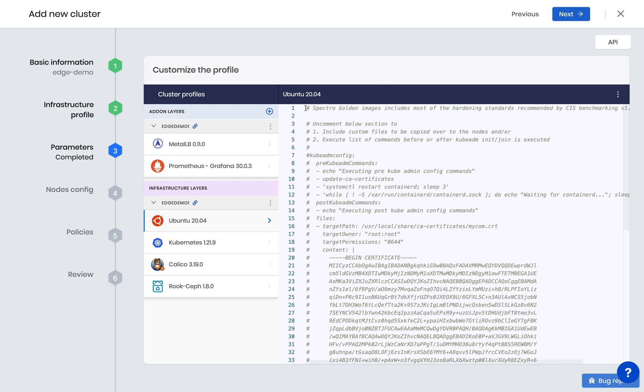Next, we can change any management parameters if needed, or stay with our already customized cluster profile, which we will do here.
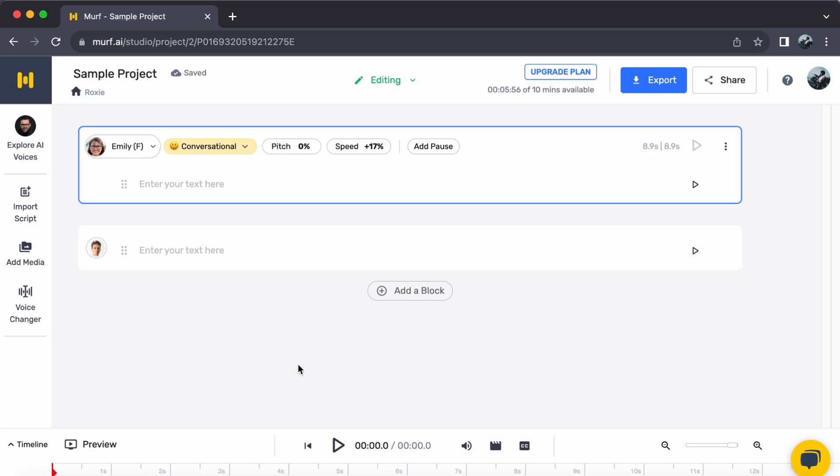Hey everyone, welcome back to our channel. Today, let us journey together on how to text-to-speech in Chinese in Murph AI. So, let us begin.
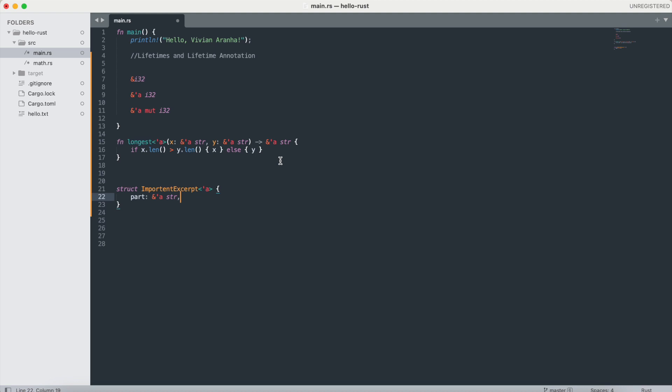Each parameter that is a reference gets its own lifetime parameter. Next, if there is exactly one input lifetime parameter, that lifetime is assigned to all output lifetime parameters.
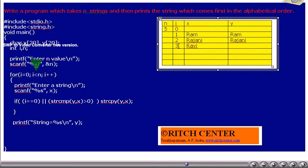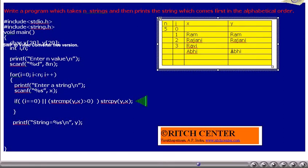i value will be incremented by 1. Again the for condition will be tested — is 3 less than 5? Yes. Thus the loop gets executed once more. Let us assume the user entered the string ABHI. Thus x value becomes ABHI. Now the if condition is tested — is i equal to 0? No. STRCMP condition is evaluated: y value is rajani and x value is ABHI. STRCMP(y, x): as ABHI comes first in the alphabetical order compared to rajani, it returns a positive number. Thus the condition becomes true, and x value ABHI will be copied into y.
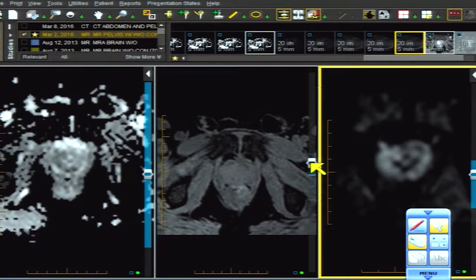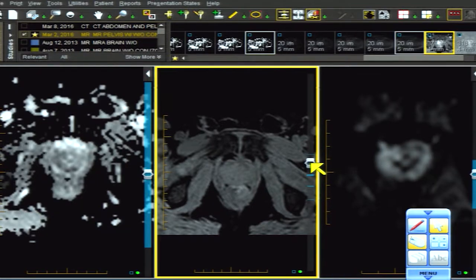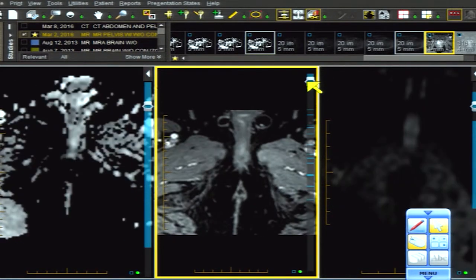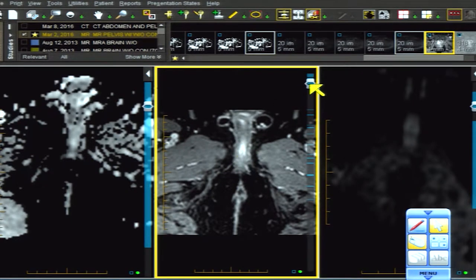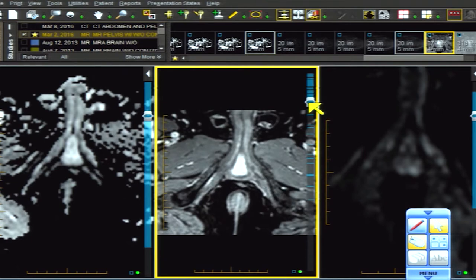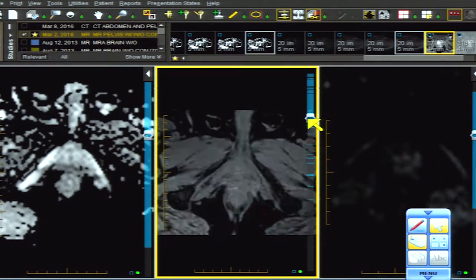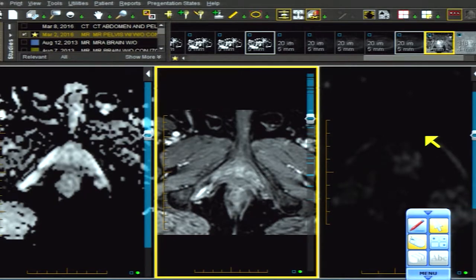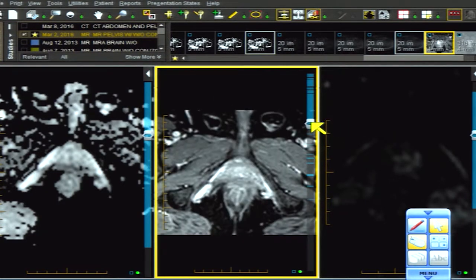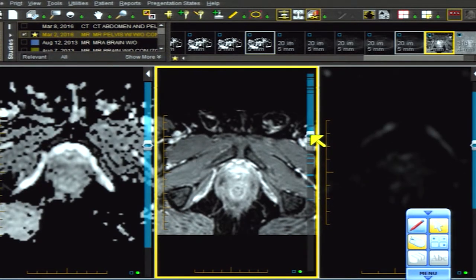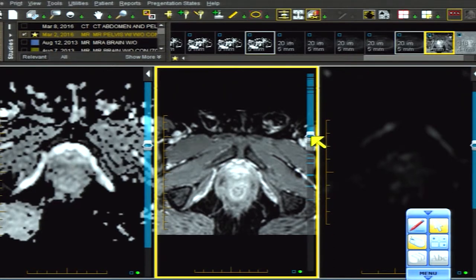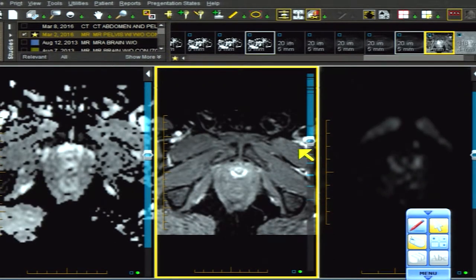I'm going to show you the DCE MRI. Let's start all the way at the apex of the prostate, near the base of the penis, and work our way from apex to base. On the viewer's right we have diffusion, on the viewer's left we have the ADC map. Watch the bouncing ball as we work our way up — there's the rectum, there's the urethra.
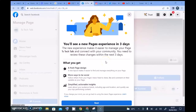Hello guys, welcome to today's video — this is a TS Tech Talk video. I just opened my Facebook and I'm reading this information that says 'you will see new page experience in three days.' I've actually been opening Facebook for a while but for some reason this is the first day I'm seeing this information.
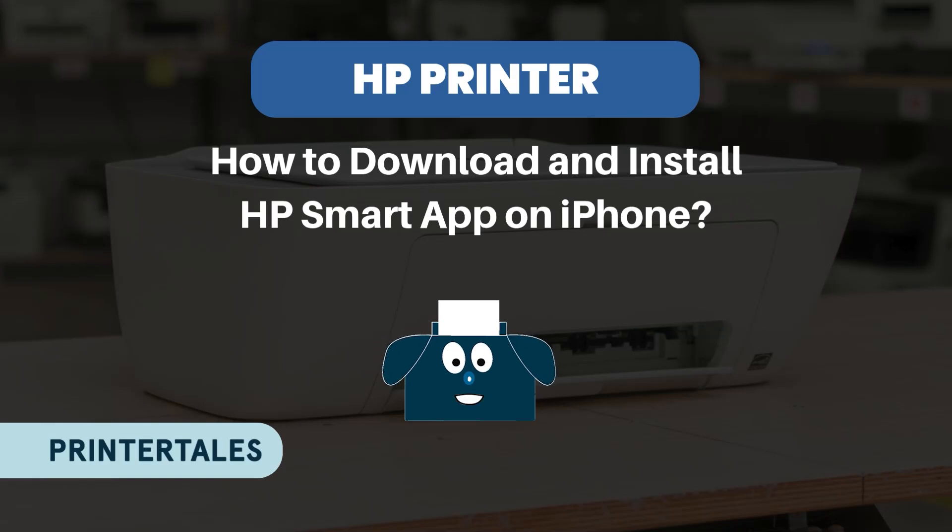Welcome to Printer Tales. Today we will learn how to download and install HP Smart app on iPhone.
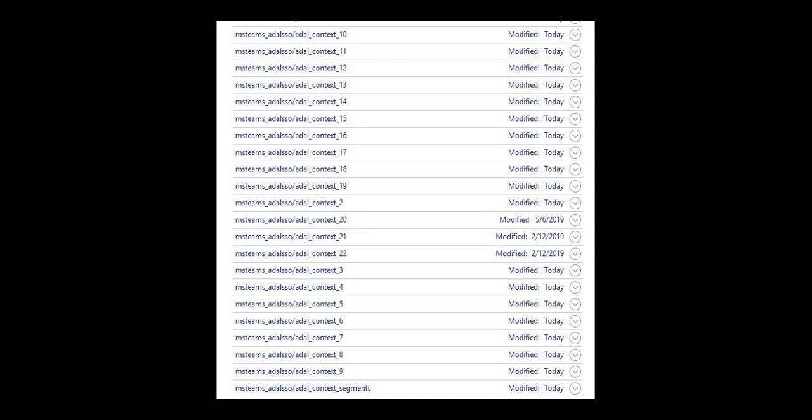But once I deleted all of them, you have to click that down arrow, remove. Once I removed all of them, Microsoft Teams worked correctly.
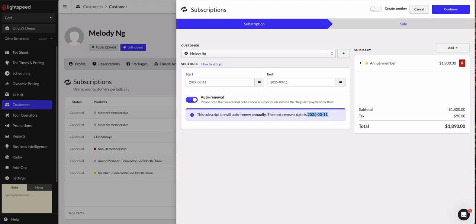So very important. If you want this to renew annually, we really need to pay attention to those start and end dates.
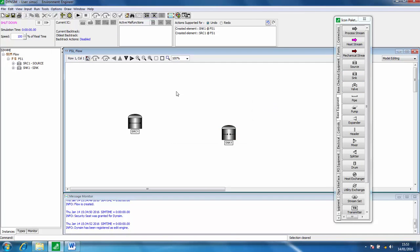These are basically here to provide an infinite volume, an infinite well of capacity, so we can have lots of the component that we specify flowing out of the source and that component can also flow into the sink.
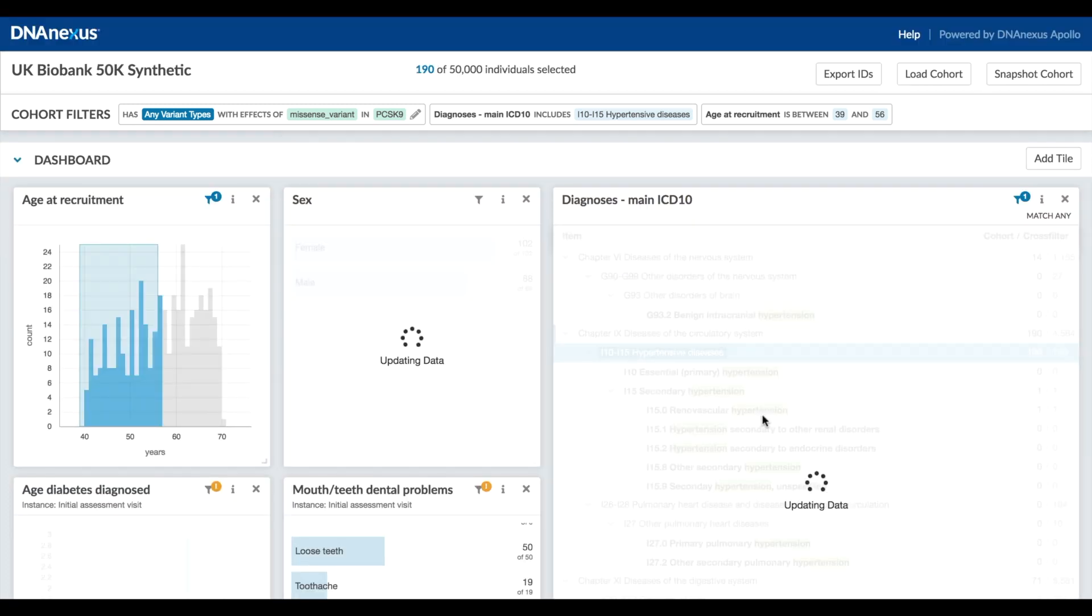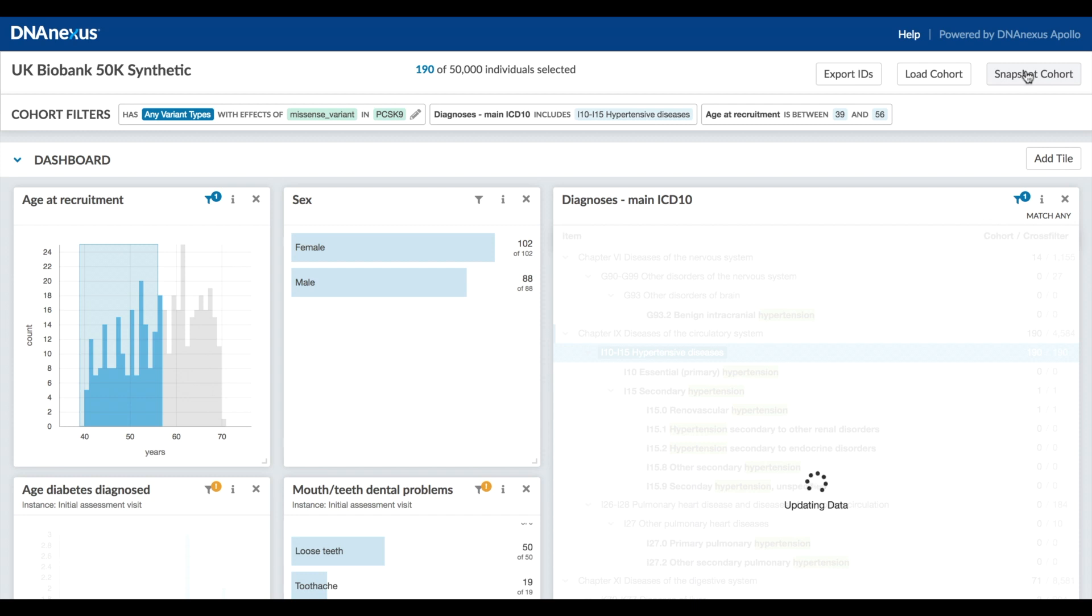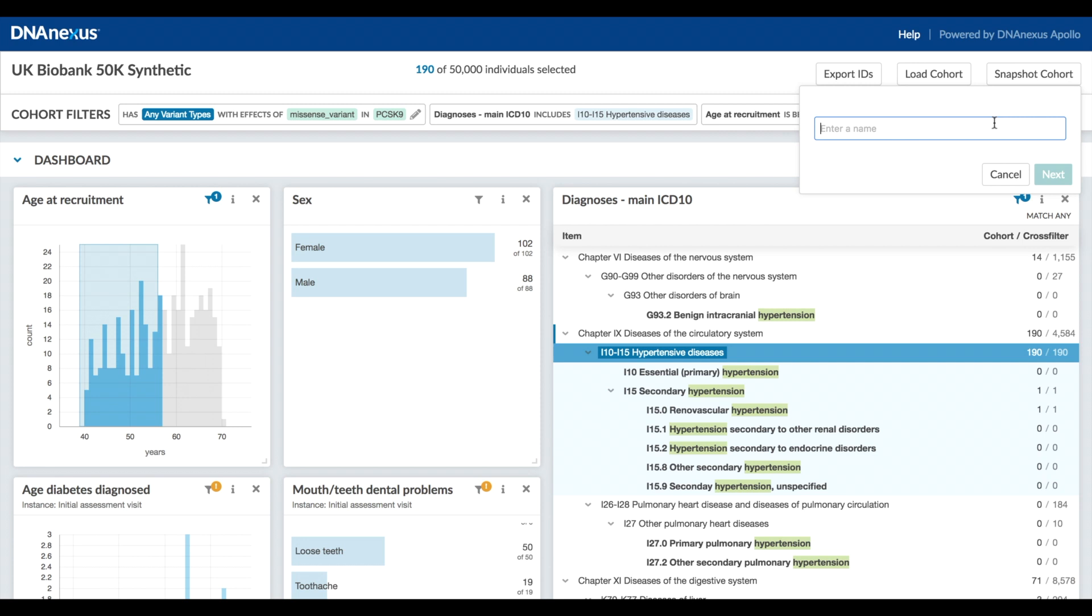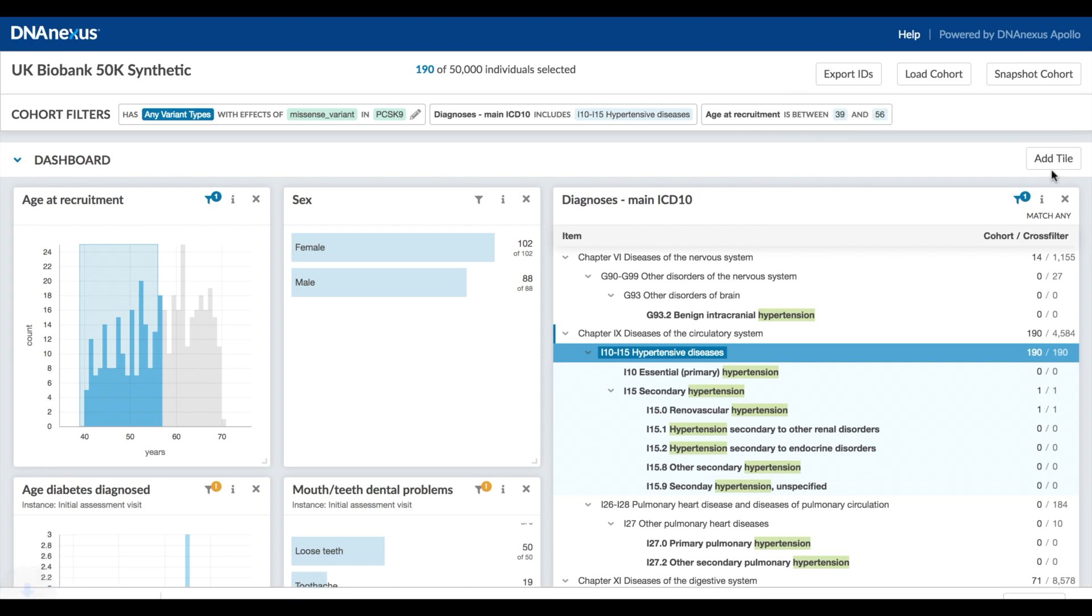At this point you may want to share your cohort with a collaborator or take a snapshot for your own use. The snapshot cohort button captures everything about the current dashboard that you need to replicate it. I'll give it a file name, example, then to restore a session from this saved file you would use the load cohort dialog.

* * * *

EXERCISE INSTRUCTIONS:
Please reproduce each entry exactly as given and omit the pictures.

EXERCISE RESPONSE:
Next, we can change any management parameters if needed, or stay with our already customized cluster profile, which we will do here.
Hey everyone, welcome back to our channel. Today, let us journey together on how to text-to-speech in Chinese in Murph AI. So, let us begin.
Each parameter that is a reference gets its own lifetime parameter. Next, if there is exactly one input lifetime parameter, that lifetime is assigned to all output lifetime parameters.
i value will be incremented by 1. Again the for condition will be tested — is 3 less than 5? Yes. Thus the loop gets executed once more. Let us assume the user entered the string ABHI. Thus x value becomes ABHI. Now the if condition is tested — is i equal to 0? No. STRCMP condition is evaluated: y value is rajani and x value is ABHI. STRCMP(y, x): as ABHI comes first in the alphabetical order compared to rajani, it returns a positive number. Thus the condition becomes true, and x value ABHI will be copied into y.
I'm going to show you the DCE MRI. Let's start all the way at the apex of the prostate, near the base of the penis, and work our way from apex to base. On the viewer's right we have diffusion, on the viewer's left we have the ADC map. Watch the bouncing ball as we work our way up — there's the rectum, there's the urethra.
Hello guys, welcome to today's video — this is a TS Tech Talk video. I just opened my Facebook and I'm reading this information that says 'you will see new page experience in three days.' I've actually been opening Facebook for a while but for some reason this is the first day I'm seeing this information.
Welcome to Printer Tales. Today we will learn how to download and install HP Smart app on iPhone.
But once I deleted all of them, you have to click that down arrow, remove. Once I removed all of them, Microsoft Teams worked correctly.
So very important. If you want this to renew annually, we really need to pay attention to those start and end dates.
These are basically here to provide an infinite volume, an infinite well of capacity, so we can have lots of the component that we specify flowing out of the source and that component can also flow into the sink.
At this point you may want to share your cohort with a collaborator or take a snapshot for your own use. The snapshot cohort button captures everything about the current dashboard that you need to replicate it. I'll give it a file name, example, then to restore a session from this saved file you would use the load cohort dialog.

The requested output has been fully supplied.